Task material -

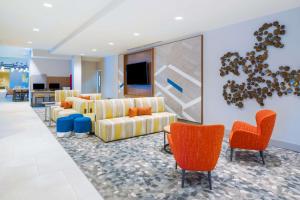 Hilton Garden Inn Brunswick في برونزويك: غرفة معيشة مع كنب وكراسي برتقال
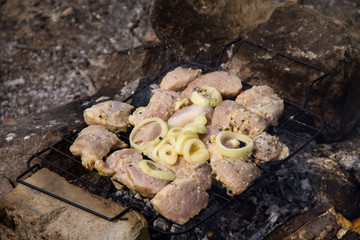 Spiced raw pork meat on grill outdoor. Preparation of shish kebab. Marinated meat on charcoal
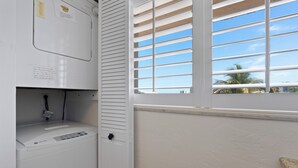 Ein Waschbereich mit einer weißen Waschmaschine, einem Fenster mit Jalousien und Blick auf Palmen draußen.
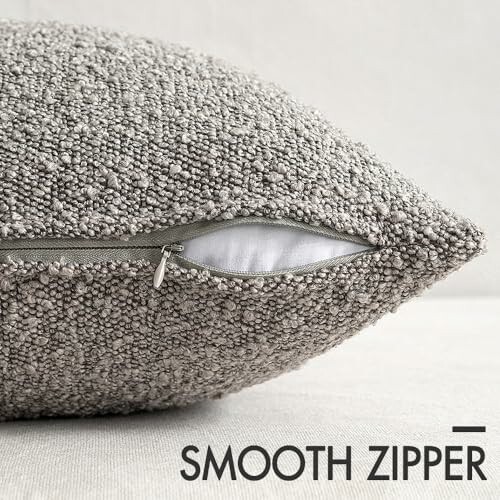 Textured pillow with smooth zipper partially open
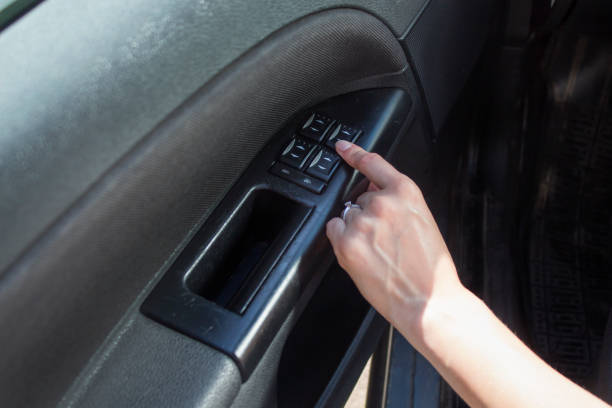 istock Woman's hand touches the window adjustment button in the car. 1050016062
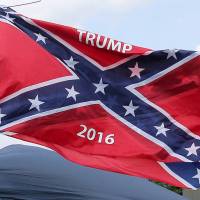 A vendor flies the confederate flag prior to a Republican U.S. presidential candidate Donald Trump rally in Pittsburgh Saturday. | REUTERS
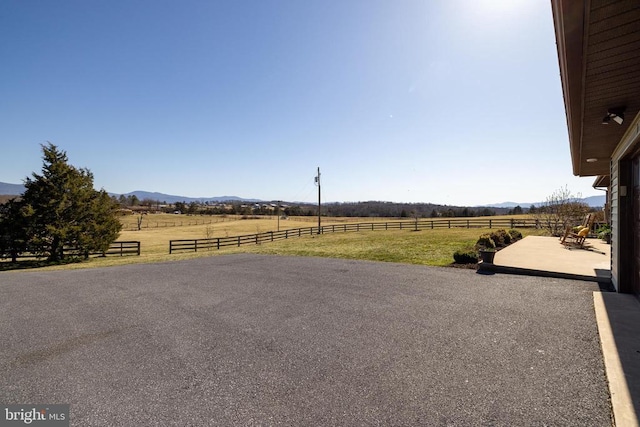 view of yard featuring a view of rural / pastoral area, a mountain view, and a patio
---
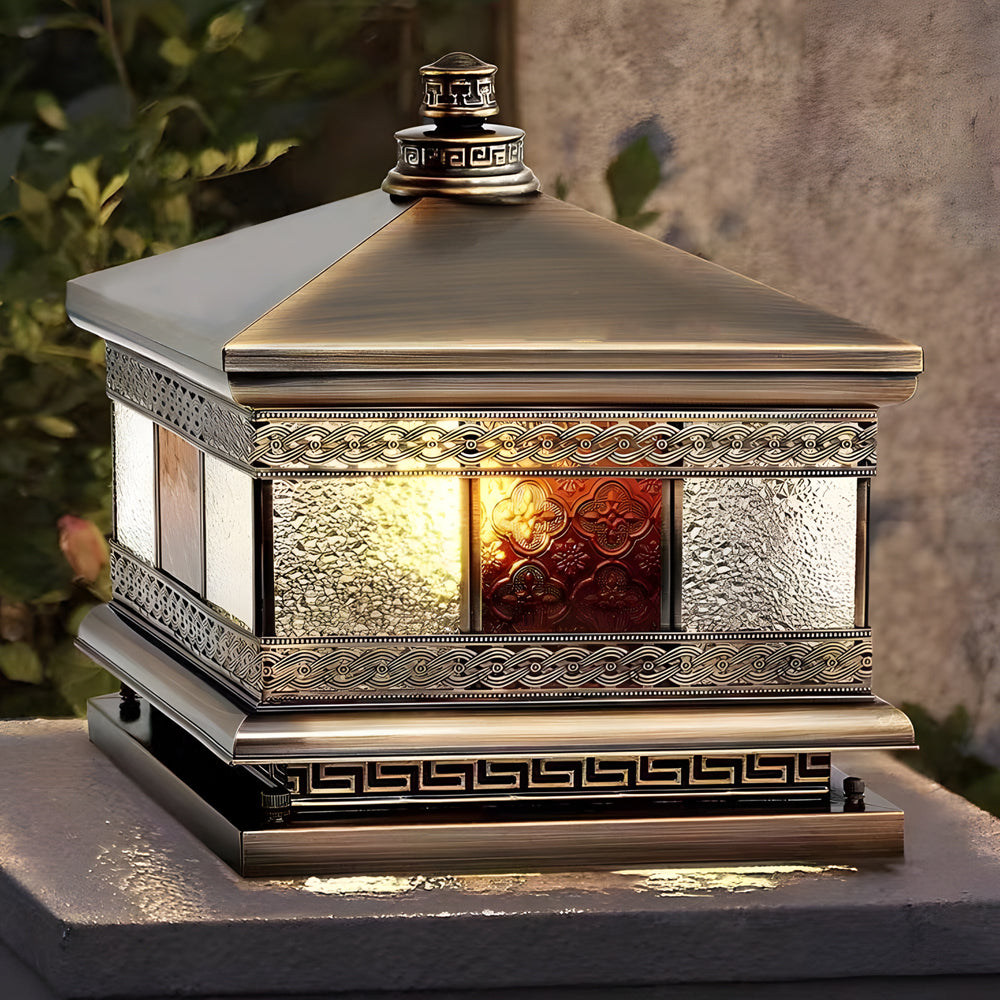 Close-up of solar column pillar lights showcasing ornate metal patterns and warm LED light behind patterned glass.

What this task involves -
In the entries above, find the line with "Hilton Garden Inn" and the line with "view of yard". Return exactly those lines and all the ones between them, pictures excluded.

Solution -
 Hilton Garden Inn Brunswick في برونزويك: غرفة معيشة مع كنب وكراسي برتقال
 Spiced raw pork meat on grill outdoor. Preparation of shish kebab. Marinated meat on charcoal
 Ein Waschbereich mit einer weißen Waschmaschine, einem Fenster mit Jalousien und Blick auf Palmen draußen.
 Textured pillow with smooth zipper partially open
 istock Woman's hand touches the window adjustment button in the car. 1050016062
 A vendor flies the confederate flag prior to a Republican U.S. presidential candidate Donald Trump rally in Pittsburgh Saturday. | REUTERS
 view of yard featuring a view of rural / pastoral area, a mountain view, and a patio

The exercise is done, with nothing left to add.